Engineering Nodal analysis of an AC circuit

[Morgz129]

Homework Statement

Hi I have this question as part of my assignment but cannot get my head around part b, I have worked out part a with an answer of -9.2+17.3i amps which from a previous thread I know is correct, but can't understand why the equations given in the previous thread are different to what I have.

Homework Equations

Kirchhoffs current law

The Attempt at a Solution

V20-v30=v3

((V20-V1)/Z1)+((v20-v30)/z2)+(v20/z4)=0
((v20-v1)/z1)+(v3/z2)+(v20/z4)=0

((v30-v20)/z2)+((v30-v2)/z2)+(v30/z5)=0

 

[osilmag]

For the bottom equation, I think that middle term should be $\frac {V2 - V30}{Z3}$. And that would be equal to the other two terms.

 

[Babadag]

https://www.physicsforums.com/threads/mesh-analysis-ac-solving-simultaneous-equations.958998/

 

[Morgz129]

For the bottom equation, I think that middle term should be $\frac {V2 - V30}{Z3}$. And that would be equal to the other two terms.

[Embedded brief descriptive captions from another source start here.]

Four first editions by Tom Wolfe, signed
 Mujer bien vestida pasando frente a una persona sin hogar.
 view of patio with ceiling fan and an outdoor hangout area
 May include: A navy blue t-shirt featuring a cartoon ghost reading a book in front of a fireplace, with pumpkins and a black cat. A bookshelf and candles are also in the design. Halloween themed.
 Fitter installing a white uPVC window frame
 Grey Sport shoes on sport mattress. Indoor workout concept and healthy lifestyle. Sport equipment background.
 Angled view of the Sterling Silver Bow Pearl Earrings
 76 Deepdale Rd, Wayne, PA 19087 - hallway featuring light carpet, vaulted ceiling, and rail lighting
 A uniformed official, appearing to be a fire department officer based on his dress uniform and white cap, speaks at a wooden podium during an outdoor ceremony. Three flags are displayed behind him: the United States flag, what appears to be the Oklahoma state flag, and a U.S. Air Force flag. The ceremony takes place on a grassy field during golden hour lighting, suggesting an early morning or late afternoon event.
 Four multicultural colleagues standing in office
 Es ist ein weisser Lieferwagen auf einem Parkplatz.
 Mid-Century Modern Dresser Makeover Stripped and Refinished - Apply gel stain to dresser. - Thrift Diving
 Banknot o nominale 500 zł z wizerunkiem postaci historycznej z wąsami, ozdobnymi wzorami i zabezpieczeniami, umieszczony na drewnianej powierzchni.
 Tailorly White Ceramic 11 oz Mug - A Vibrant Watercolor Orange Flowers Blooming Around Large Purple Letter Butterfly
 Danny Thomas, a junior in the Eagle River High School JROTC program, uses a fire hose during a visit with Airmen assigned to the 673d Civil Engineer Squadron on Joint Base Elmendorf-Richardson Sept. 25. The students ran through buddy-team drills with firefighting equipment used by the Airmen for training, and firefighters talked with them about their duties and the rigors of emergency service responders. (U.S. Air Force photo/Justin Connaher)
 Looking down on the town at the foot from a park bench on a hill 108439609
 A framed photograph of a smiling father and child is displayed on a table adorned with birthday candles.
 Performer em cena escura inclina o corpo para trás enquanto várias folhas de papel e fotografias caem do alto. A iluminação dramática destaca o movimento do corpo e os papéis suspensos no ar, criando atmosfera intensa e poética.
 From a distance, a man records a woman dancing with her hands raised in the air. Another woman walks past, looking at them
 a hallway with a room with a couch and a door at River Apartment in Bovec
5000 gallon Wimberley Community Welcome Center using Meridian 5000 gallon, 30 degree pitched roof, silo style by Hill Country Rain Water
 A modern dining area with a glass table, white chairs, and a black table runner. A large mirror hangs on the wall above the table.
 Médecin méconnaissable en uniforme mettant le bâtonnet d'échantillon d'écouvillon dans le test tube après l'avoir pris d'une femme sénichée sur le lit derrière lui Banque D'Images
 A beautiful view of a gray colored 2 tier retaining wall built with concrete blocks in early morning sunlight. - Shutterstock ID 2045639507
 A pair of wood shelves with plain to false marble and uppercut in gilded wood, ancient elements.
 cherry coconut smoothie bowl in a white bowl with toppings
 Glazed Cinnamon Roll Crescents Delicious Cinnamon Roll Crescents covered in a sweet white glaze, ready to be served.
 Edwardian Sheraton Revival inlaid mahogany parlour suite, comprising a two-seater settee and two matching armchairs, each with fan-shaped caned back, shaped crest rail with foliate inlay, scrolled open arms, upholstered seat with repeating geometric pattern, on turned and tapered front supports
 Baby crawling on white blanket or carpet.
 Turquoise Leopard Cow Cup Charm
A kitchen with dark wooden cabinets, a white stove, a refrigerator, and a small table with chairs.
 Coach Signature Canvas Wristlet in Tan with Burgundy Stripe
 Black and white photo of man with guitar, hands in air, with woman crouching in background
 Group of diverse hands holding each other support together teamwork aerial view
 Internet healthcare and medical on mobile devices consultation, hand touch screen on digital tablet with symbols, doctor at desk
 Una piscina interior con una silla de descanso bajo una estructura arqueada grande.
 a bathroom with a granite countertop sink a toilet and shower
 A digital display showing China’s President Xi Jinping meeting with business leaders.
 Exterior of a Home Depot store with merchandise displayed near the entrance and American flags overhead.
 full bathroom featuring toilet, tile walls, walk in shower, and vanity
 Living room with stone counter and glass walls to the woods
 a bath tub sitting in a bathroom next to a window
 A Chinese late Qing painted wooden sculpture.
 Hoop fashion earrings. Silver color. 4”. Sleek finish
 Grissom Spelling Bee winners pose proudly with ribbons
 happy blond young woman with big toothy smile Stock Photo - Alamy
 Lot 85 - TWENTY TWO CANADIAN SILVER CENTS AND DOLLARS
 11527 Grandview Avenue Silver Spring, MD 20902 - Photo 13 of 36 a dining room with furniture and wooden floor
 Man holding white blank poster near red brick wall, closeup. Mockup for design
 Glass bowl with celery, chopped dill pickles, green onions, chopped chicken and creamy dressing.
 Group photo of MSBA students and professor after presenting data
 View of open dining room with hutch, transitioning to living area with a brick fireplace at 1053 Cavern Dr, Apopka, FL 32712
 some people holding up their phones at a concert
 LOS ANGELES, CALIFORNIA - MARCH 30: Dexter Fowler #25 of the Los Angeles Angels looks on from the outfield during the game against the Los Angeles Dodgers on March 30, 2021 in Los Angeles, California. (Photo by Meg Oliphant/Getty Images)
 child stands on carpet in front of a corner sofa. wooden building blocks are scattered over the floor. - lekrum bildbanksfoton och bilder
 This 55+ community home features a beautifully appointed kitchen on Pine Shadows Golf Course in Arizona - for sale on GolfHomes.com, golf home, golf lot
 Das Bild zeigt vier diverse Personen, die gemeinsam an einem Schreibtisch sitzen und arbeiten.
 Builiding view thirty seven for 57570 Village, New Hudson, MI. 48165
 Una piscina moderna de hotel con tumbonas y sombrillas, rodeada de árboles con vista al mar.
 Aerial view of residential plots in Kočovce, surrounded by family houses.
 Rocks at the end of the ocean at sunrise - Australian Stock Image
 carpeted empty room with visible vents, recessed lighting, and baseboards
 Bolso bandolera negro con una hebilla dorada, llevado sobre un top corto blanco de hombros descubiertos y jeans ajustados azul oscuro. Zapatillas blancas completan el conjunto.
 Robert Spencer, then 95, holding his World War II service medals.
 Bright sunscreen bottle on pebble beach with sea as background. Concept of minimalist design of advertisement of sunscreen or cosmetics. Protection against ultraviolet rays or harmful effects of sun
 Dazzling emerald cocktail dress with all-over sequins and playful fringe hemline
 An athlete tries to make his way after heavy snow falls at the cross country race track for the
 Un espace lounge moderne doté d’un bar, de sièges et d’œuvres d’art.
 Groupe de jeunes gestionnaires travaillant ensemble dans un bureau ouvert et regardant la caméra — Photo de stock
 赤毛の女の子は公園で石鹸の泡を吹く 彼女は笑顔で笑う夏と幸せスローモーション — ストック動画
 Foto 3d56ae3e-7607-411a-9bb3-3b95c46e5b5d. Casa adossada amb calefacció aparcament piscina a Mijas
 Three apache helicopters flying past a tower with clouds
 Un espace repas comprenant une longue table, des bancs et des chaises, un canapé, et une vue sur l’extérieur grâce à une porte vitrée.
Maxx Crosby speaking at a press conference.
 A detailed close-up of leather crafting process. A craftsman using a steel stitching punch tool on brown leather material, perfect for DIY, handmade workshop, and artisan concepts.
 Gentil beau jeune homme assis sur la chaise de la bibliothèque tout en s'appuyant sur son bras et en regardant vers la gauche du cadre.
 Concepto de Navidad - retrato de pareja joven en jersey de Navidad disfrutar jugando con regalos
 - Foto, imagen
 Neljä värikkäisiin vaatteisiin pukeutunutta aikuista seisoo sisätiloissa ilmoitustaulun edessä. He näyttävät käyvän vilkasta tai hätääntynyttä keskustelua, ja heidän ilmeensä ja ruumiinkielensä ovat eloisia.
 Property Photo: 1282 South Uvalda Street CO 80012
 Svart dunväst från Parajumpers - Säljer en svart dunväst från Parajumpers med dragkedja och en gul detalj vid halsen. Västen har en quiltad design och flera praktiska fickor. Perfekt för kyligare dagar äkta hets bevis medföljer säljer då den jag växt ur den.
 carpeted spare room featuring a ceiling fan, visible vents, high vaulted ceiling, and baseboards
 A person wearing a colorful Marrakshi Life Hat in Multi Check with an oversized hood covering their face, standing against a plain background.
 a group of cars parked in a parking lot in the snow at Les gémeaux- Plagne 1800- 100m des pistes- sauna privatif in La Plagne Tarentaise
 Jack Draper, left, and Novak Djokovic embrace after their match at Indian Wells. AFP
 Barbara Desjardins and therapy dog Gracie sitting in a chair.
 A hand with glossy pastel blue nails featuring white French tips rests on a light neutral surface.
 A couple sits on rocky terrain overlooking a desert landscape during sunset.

My mistake it should be divided by z3, but if I may ask why would it be ((v2-v30)/z3) instead of ((v30-v2)/z3)?

 

[osilmag]

It depends on how you define your directions. If current is flowing into the node from z3 and out of it at z5 and z2 then $v2-v30$ is the difference and $I,z3 = I,z5 + I,z2$